Involving his body in the exploration of movement, music and supported by various props, with the collaboration of Eloïse Grace Winter and Rafael de Oliveira, Herlander premieres at BoCA a theatrical concert, “Trial”, which takes us on an inner journey in search of our origins.

Also investing in the materiality of the objects, two iron arches, and in the spatial relationships between these and their own bodies, in “Um Pequeno Exercício de Composição” Vera Mantero and Teresa Silva experiment with the encounter between forms and contents, in which they themselves are inserted, generating movements and images that seem to test the proportions of the human body, on a Vitruvian scale. This transit between times and concepts also takes place between artistic disciplines, with the collaboration of Santiago Tricot. This is precisely a territory of permanent metamorphosis familiar to João dos Santos Martins, who premieres “Está Visto” with visual artist Ana Jotta, pianist Joana Sá and choreographer and floral designer Filipe Pereira. Testing new possibilities for writing movement, we find singing as a choreographic element, with the body being traversed by romantic mismatches to the flavour of romantic songs. For their part, actors Cláudio da Silva and Carolina Dominguez, with visual artist and director Pedro Paiva, who is venturing into theatre for the first time, embrace Woyzeck, a romantic anti-hero, in a new creation that inaugurates the former Armazéns Abel Pereira da Fonseca, ZDB’s new space.

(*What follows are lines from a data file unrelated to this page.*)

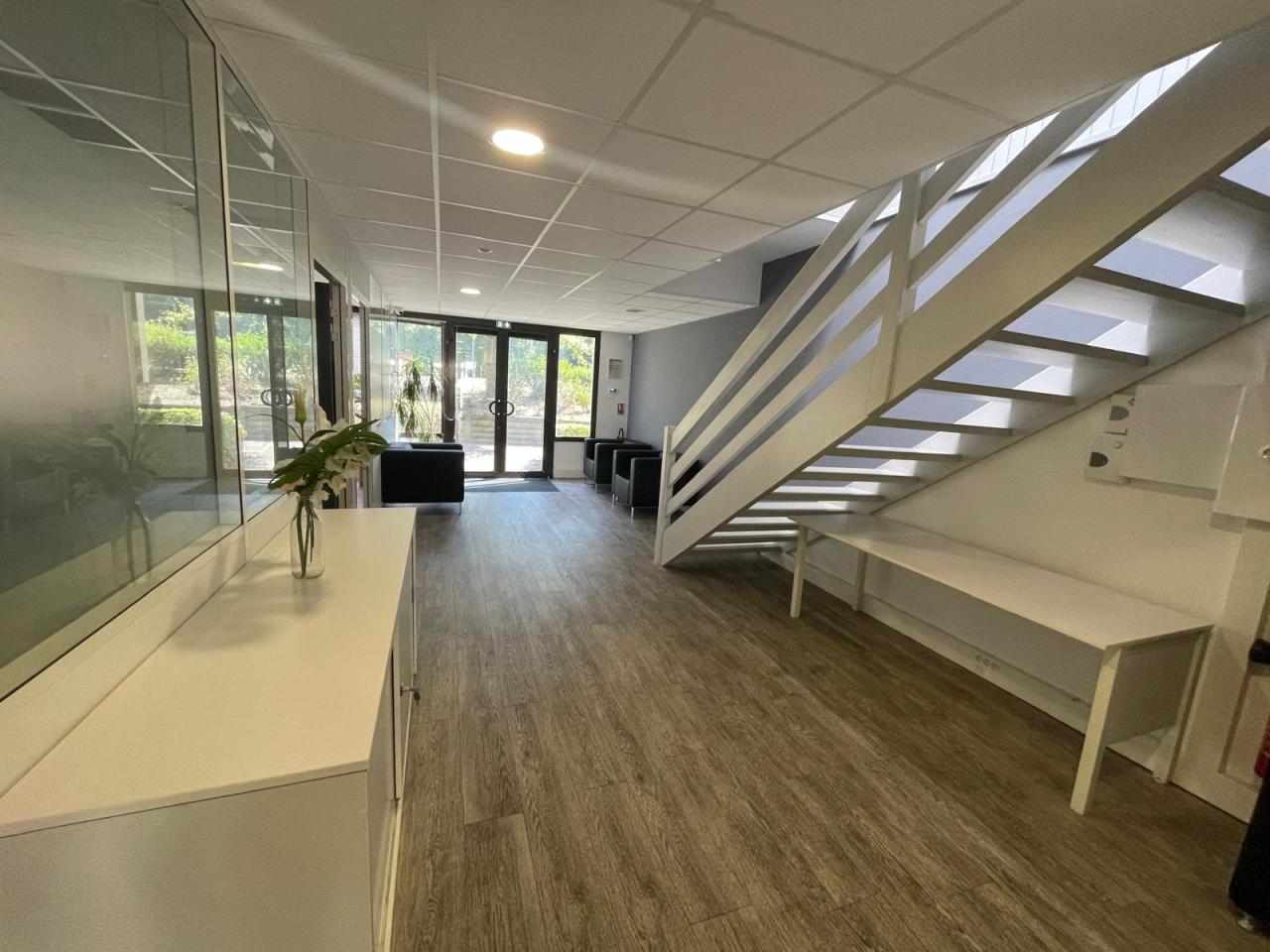 Location bureau Balma Haute-Garonne OLBUR2644559 1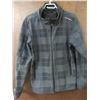 Image 1 : Men's Runnaway Jacket size S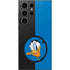 Disney Friends Donald Duck Galaxy S25 Ultra Skin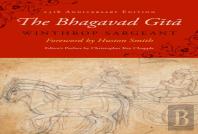 The Bhagavad Gita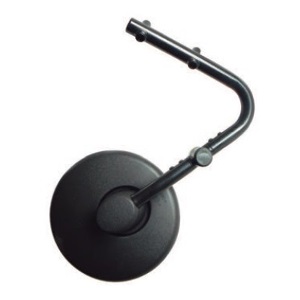 90032600 – Retrovisor Frontal Man Tga-Tgl-Tgm (05-)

The brilliance of the margins

In Faro, the challenging scale of the Fábrica da Cerveja is the epicentre of BoCA’s programme, from which a range of activities is woven, including installations, performances, concerts, films and parties, creating an ecosystem that connects the city’s cultural, heritage and natural facilities. The Teatro das Figuras, the Lethes Theatre, the Cub Farense, the Roman Ruins of Milreu or the Alameda Garden.

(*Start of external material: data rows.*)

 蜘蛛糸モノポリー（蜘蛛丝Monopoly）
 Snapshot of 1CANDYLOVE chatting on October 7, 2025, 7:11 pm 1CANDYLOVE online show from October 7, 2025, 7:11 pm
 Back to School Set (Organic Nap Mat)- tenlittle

The Invisible Present exhibition at the Fábrica da Cerveja features installations by artists who evoke the phenomenon of migration and the representativeness of their identities: set designer and visual artist Neusa Trovoada, one of the most present voices of black feminism in Portugal, explores underground matter as a space for listening, for resistance, capable of bringing to light another possible future; Zia Soares performs “Coro dos Assombrados”, a text by Djaimilia Pereira de Almeida that reflects on silencing from the political power of the voice and the cry; Tiago Cadete, with the sound installation “Concerto”, confronts us with 20 speakers pointed in our direction, an orchestra of 30 voices of migrants that the artist interviewed and that reveal migratory processes and colonial history; in parallel to the performative actions in the public space, Héctor Zamora presents us here and at the Patriarcal Reservoir (Lisbon), with those vigorous sets of mirrored balloons with words that we’ll find on sale in the streets of Lisbon and Faro, now in a kind of cemetery of dreams, expectations and broken desires, an airless “Chimera” between the wall and the floor; Rita GT‘s video-performance “Unearthing” recognises the forgotten history of women who were forced to emigrate with their husbands during the colonial period. Outside, the walls and windows of the Fábrica da Cerveja have been intervened on by the youngest artist in this edition of BoCA, João Melo / Glantosz, who with his pertinent irreverence questions his own representativeness and visibility, the margins he inhabits and illuminates with his camera.

The Factory becomes a continuous space for the production and reflection of the Invisible Present. Contributing to the same end are the debates, films and moments of creative conviviality of The Night of Ideas, a partnership with the Institut Français du Portugal and within the scope of the MaisFrança programme, which will reflect on contemporary phenomena of proliferation, such as gender, or determined by a logic of excess, such as acceleration and speed. Curated by António Guerreiro, this evening of critical reflection brings together Sinziana Ravini, P. Feijó, Cláudia Varejão, Laurent de Sutter, Jerôme Lèbre and Carla Baptista, after a lecture-performance by Paul B. Preciado.